Loyola University Chicago School of Law, JD 2024
The Department of Justice (DOJ) recently took several steps to strengthen its fight against white-collar crime. In its attempt to promote corporate compliance, the DOJ announced last September that it would focus on two policies: (1) voluntary self-disclosure and (2) compensation incentives with the use of clawbacks. Since then, every U.S. Attorney’s Office has adopted the first policy, a voluntary self-disclosure program. For consistent application of the policy throughout the nation, all the voluntary self-disclosure programs have a common basis: where a company has voluntarily self-disclosed a violation, cooperated, and remediated the issue without other aggravating factors, the DOJ will not seek a guilty plea. Now, on March 2, 2023, U.S. Deputy Attorney General, Lisa Monaco, announced that the DOJ is ready to launch its second policy through a Compensation Incentives and Clawbacks Program (CICP). This pilot program shifts the responsibility of corporate violations from shareholders onto individual wrongdoers, but it is unclear how effective it will be at promoting compliance.
Components of the CICP
The DOJ envisioned the CICP as a way to fight corporate crime by preventing misconduct, holding individual wrongdoers responsible, and discouraging repeat violations. The program has two main components. First, any corporate resolution involving the DOJ’s Criminal Division will require the resolving company to implement compliance-promoting criteria in its compensation and bonus systems. This component was recently executed by Danske, Denmark’s largest bank, when it agreed to revise its compensation and bonus systems as part of a plea agreement. As a result of this agreement, any Danske executives that do not meet the compliance requirements will forfeit their chances of receiving a bonus.

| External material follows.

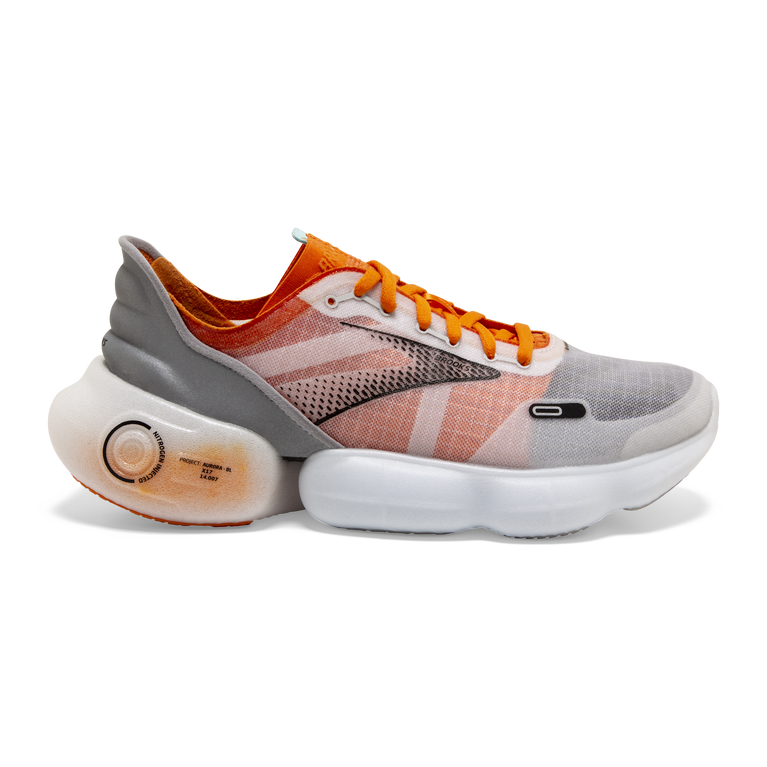 נחלים זוהר-בל אפור-כתום-שחור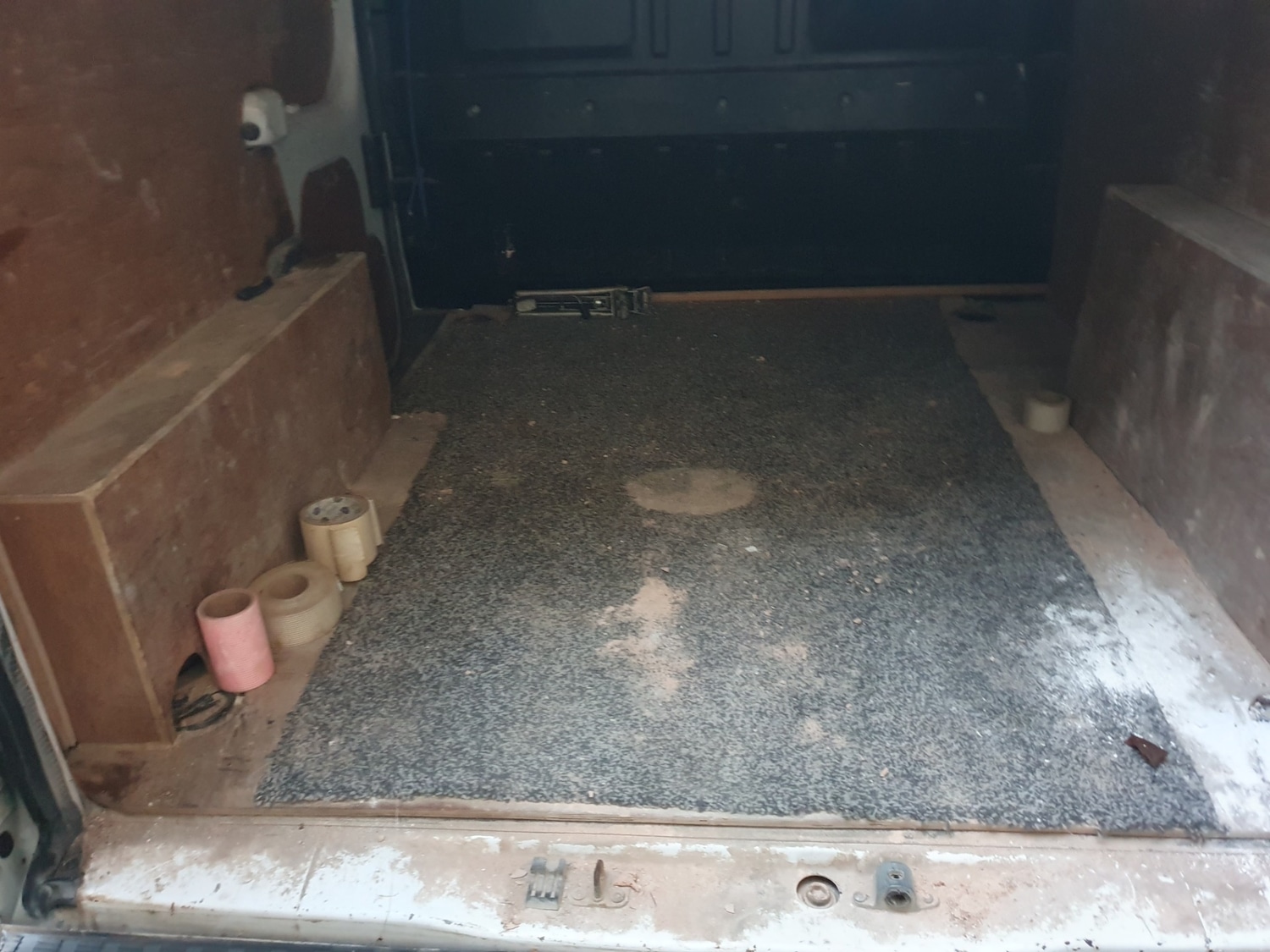 Used Ford Transit Connect 2013 for sale - 76738394: Photo 23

The second component provides that any company which makes a good faith attempt to claw back compensation from individual wrongdoers will be eligible for a fine reduction. The resolving company will pay the relevant fine, minus any credit reserved for the amount of compensation that the company is trying to claw back from culpable individuals. If the company fully succeeds with the clawback, it will get to keep that money without paying any of it to the DOJ. If the company succeeds partially, it will have to pay the difference between the actual clawback received and the credit reserved for the amount it tried to receive. Due to the high costs associated with clawback attempts, a company that is unsuccessful but makes a good-faith effort will still be eligible for a fine reduction of up to 25% of the compensation it attempted to recover.
The program mirrors recent efforts by the Securities and Exchange Commission (SEC) to claw back compensation from executives when accounting statements have to be reissued due to misconduct. These efforts illustrate how multiple agencies are working to promote corporate compliance. However, unlike the SEC’s program, where executives can face repercussions regardless of whether they participated in or knew of the misconduct, the CICP places the burden of paying fines on the executives and employees who are actually culpable.
Will the CICP be effective at promoting corporate compliance?
Since the policy shifts the burden of paying fines away from shareholders onto those directly responsible, Monaco hopes it will encourage companies without compliance procedures to reevaluate their programs and implement such criteria. Nonetheless, there is no guarantee that the CICP will be as effective as the DOJ hopes for it to be. One concern is that clawing back compensation may require legal work with fees that far exceed the amount the company is trying to claw back. If that were to happen, it would take away the program’s appeal and one of its main incentives.
Additionally, as long as the company makes good faith efforts at clawing back compensation, it may receive a fine reduction regardless of whether it succeeds. This can become problematic because the CICP does not clearly outline what it means to make a good-faith attempt. Without a specific standard in place, companies can take advantage of such a provision and make minimal efforts to claw back compensation if they know they will still be eligible for fine reductions.
Lastly, there is always a possibility that compliance policies issued by different government agencies will clash. For example, the SEC policy places responsibility on executives regardless of whether they were involved in any of the misconduct. The CIPC on the other hand aims to shift responsibility onto individual wrongdoers. To avoid confusion and effectively promote corporate compliance, agencies will need to work together to reconcile their policies.